BRIEF =
Beginning with the line where "ネイル アートネイル ブルー" appears, restate each line word for word until the data ends. Pictures do not go in.

SOURCE DATA =
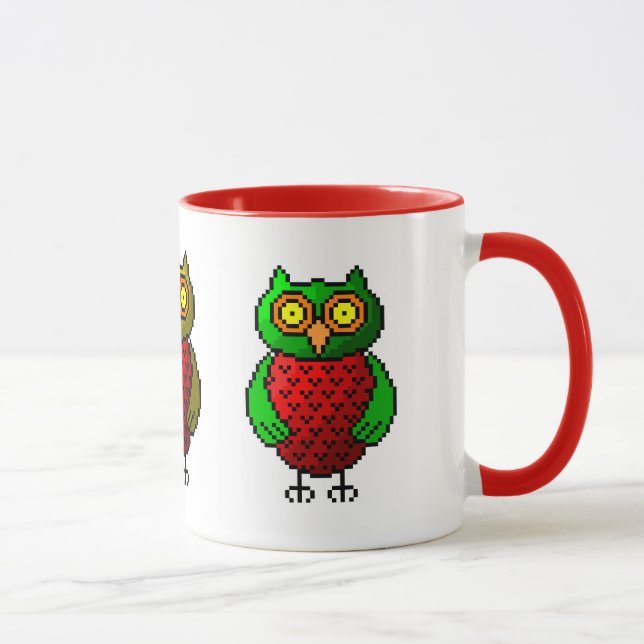 Caneca da arte do pixel da coruja (Direita)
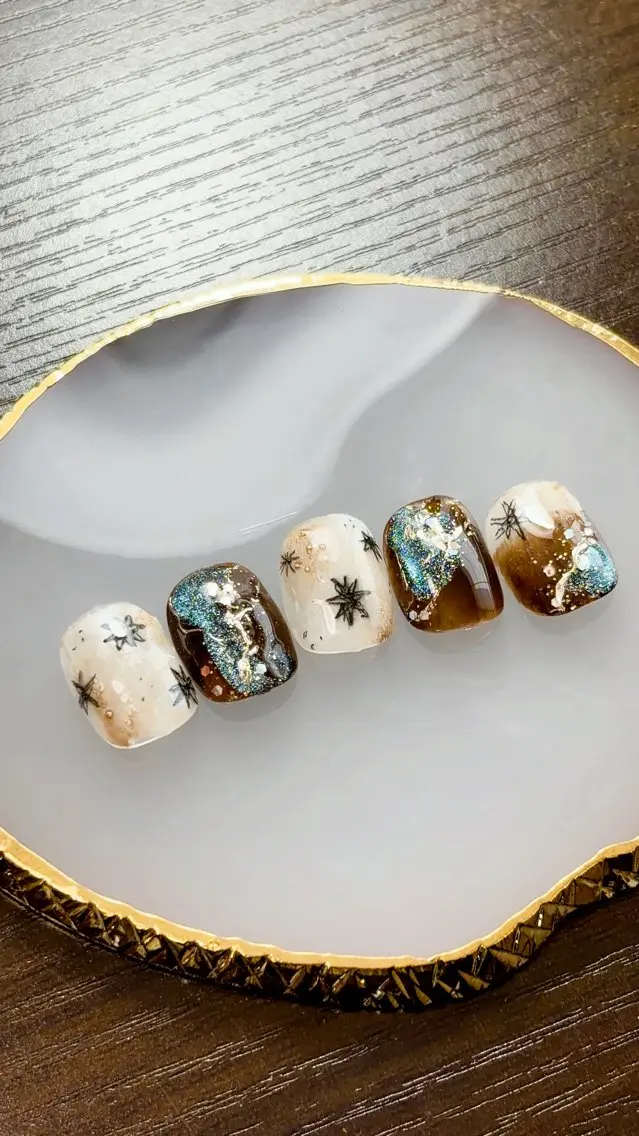 ネイル アートネイル ブルー ブラウン ハンドネイル nail room 凪のネイルデザイン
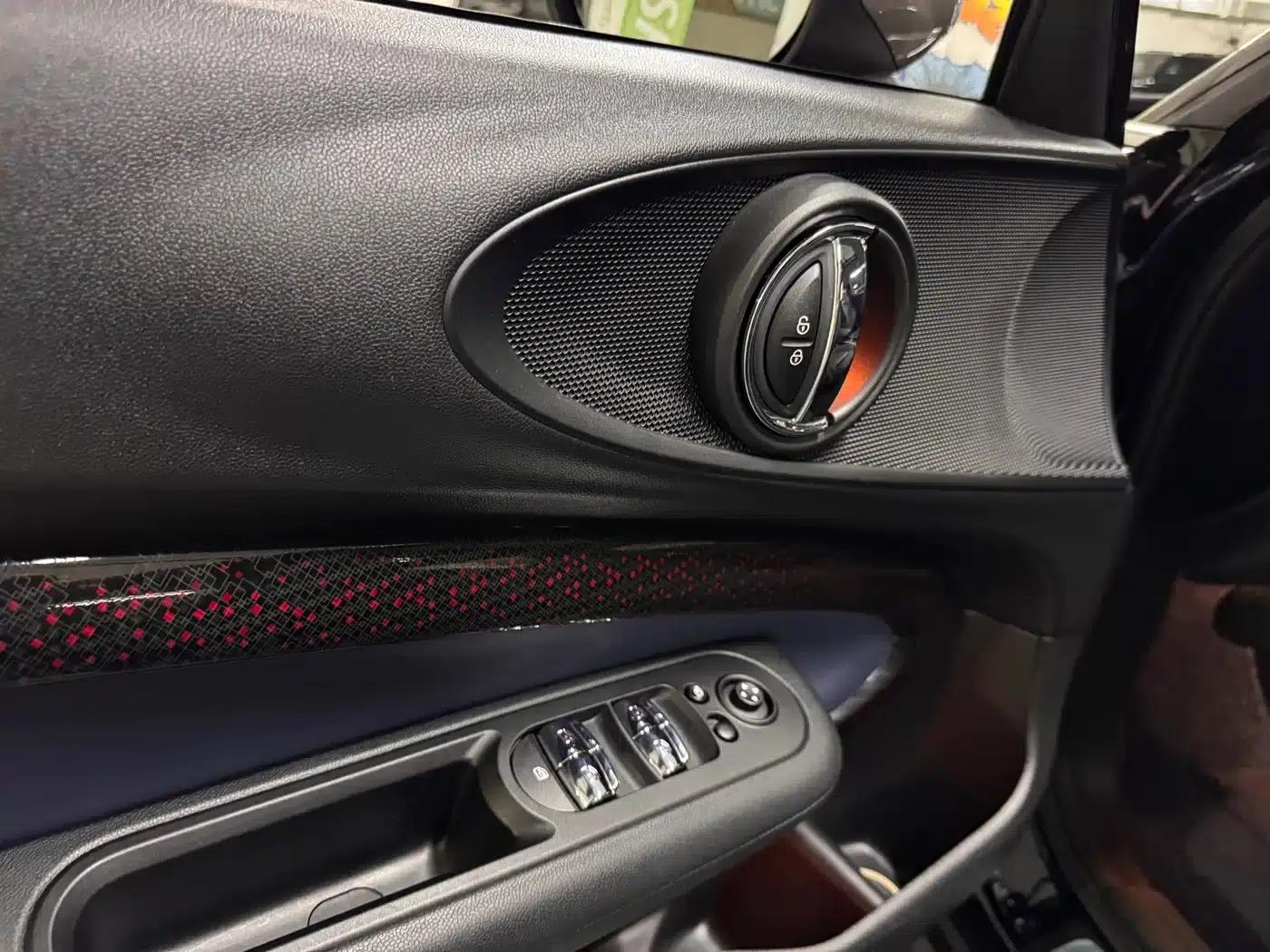 2022 MINI CLUBMAN 1.5T COOPER Connoisseur — миниатюра 10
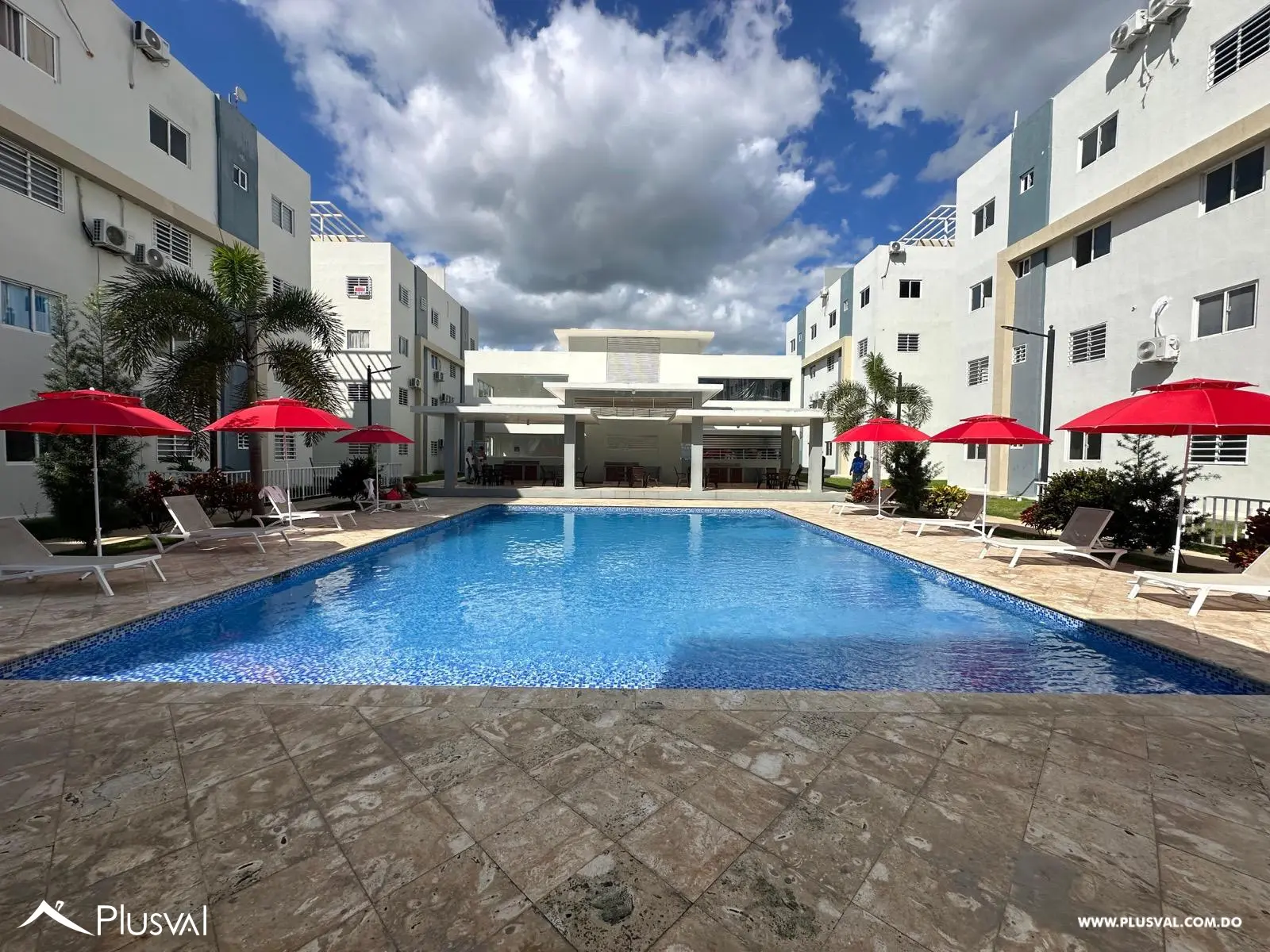 Apartamento en La Romana de 3 habitaciones 497822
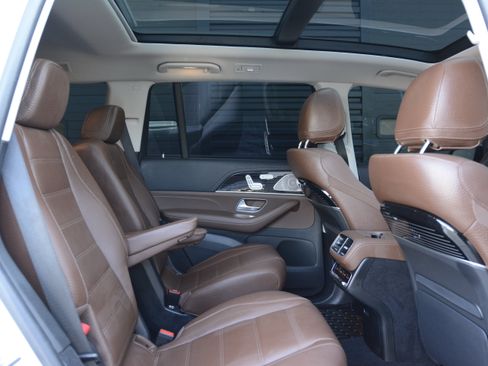 Used 2024 Mercedes-Benz GLS 450 4MATIC image 37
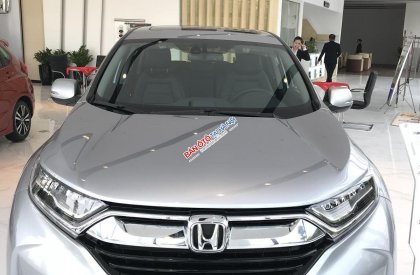 Honda CR V L 2019 - Tháng 1 đầu năm - Ưu đãi trăm triệu, Khi mua Honda CR V bản L đời 2019, màu bạc, xe nhập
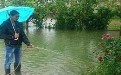大水没淹死花,恐怕男子这举动会浇死花的 大水没淹死花,恐怕男子这举动会浇死花的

RESPONSE =
 ネイル アートネイル ブルー ブラウン ハンドネイル nail room 凪のネイルデザイン
 2022 MINI CLUBMAN 1.5T COOPER Connoisseur — миниатюра 10
 Apartamento en La Romana de 3 habitaciones 497822
 Used 2024 Mercedes-Benz GLS 450 4MATIC image 37
 Honda CR V L 2019 - Tháng 1 đầu năm - Ưu đãi trăm triệu, Khi mua Honda CR V bản L đời 2019, màu bạc, xe nhập
大水没淹死花,恐怕男子这举动会浇死花的 大水没淹死花,恐怕男子这举动会浇死花的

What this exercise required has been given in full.